Первые явления выслушали тихо и спокойно или, лучше сказать, в каком-то недоумении. Но чем дальше, тем ощущения усиливались. Сцена летописателя с Григорьем всех ошеломила… А когда Пушкин дошел до рассказа Пимена о посещении Кириллова монастыря Иоанном Грозным, о молитве иноков «…да ниспошлет господь покой его душе, страдающей и бурной», мы просто все как будто обеспамятели. Кого бросало в жар, кого в озноб. Волосы поднимались дыбом. Не стало сил воздерживаться. Кто вдруг вскочит с места, кто вскрикнет. То молчанье, то взрыв восклицаний, напр., при стихах самозванца: «Тень Грозного меня усыновила». Кончилось чтение. Мы смотрели друг на друга долго и потом бросились к Пушкину. Начались объятия, поднялся шум, раздался смех, полились слезы, поздравления. Эван, эвое, дайте чаши!.. Явилось шампанское, и Пушкин одушевился, видя такое свое действие на избранную молодежь. Ему было приятно наше волнение. Он начал нам, поддавая жару, читать песни о Стеньке Разине, как он выплывал ночью на Волге на востроносой своей лодке, предисловие к «Руслану и Людмиле»: «У лукоморья дуб зеленый…» Потом Пушкин     начал    рассказывать  о плане Дмитрия Самозванца, о палаче, который
шутит с чернью, стоя у плахи на Красной площади в ожидании Шуйского, о Марине Мнишек с самозванцем, сцену, которую написал он, гуляя верхом, и потом позабыл вполовину, о чем глубоко сожалел. О, какое удивительное то было утро, оставившее следы на всю жизнь. Не помню, как мы разошлись, как докончили день, как улеглись спать. Да едва кто и спал из нас в эту ночь. Так был потрясен весь наш организм».
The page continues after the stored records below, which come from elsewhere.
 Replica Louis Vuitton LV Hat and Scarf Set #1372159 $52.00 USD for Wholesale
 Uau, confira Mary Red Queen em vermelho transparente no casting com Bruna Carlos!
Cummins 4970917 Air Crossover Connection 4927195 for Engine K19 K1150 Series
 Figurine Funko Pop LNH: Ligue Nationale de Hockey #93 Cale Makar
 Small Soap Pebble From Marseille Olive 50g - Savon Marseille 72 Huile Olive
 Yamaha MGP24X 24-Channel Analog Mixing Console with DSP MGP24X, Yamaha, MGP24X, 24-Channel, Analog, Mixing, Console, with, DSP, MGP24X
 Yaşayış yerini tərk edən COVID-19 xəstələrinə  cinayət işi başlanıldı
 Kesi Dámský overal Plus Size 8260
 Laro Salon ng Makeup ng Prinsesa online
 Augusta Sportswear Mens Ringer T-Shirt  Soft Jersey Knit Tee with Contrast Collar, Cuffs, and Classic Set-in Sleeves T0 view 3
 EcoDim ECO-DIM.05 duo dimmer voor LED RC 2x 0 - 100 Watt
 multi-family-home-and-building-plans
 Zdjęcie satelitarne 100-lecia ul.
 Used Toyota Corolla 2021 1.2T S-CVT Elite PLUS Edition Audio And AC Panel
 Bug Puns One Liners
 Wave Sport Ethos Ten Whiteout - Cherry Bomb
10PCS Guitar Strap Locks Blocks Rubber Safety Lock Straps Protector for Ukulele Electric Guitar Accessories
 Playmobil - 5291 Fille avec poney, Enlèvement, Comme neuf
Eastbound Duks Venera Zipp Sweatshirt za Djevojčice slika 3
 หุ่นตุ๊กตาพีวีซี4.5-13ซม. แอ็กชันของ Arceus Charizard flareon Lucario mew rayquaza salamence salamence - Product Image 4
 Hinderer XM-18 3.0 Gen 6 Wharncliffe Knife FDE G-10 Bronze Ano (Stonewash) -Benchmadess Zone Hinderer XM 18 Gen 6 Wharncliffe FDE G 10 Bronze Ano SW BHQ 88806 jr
     Тогда же Пушкин загорелся идеей создания литературного журнала – это была его давнишняя мечта. Такая же мечта была в головах ещё полутора десятков молодых талантливых московских литераторов и она начала обретать черты реальности во время дружеских собраний этих людей. К середине октября было решено, что журнал будет выходить под редакцией М.П. Погодина и что называться он будет «Московский вестник».
     О дне основания журнала сам Погодин пишет так: «Рождение журнала положено отпраздновать общим обедом всех сотрудников. Мы собрались в доме бывшем Хомякова (где ныне кондитерская Люке): Пушкин, Мицкевич, Баратынский, два брата Веневитиновых, два брата Хомяковых, два брата Киреевских, Шевырев, Титов, Мальцев, Рожалин, Ранч, Рихтер, Оболенский, Соболевский. Нечего описывать, как весел был этот обед. Сколько тут было шуму, смеху, сколько рассказано анекдотов, планов, предположений!  <   > Вино играло роль на наших вечерах, но не до излишков, а только в меру, пока оно веселит сердце человеческое. Пушкин не отказывался под веселый час выпить».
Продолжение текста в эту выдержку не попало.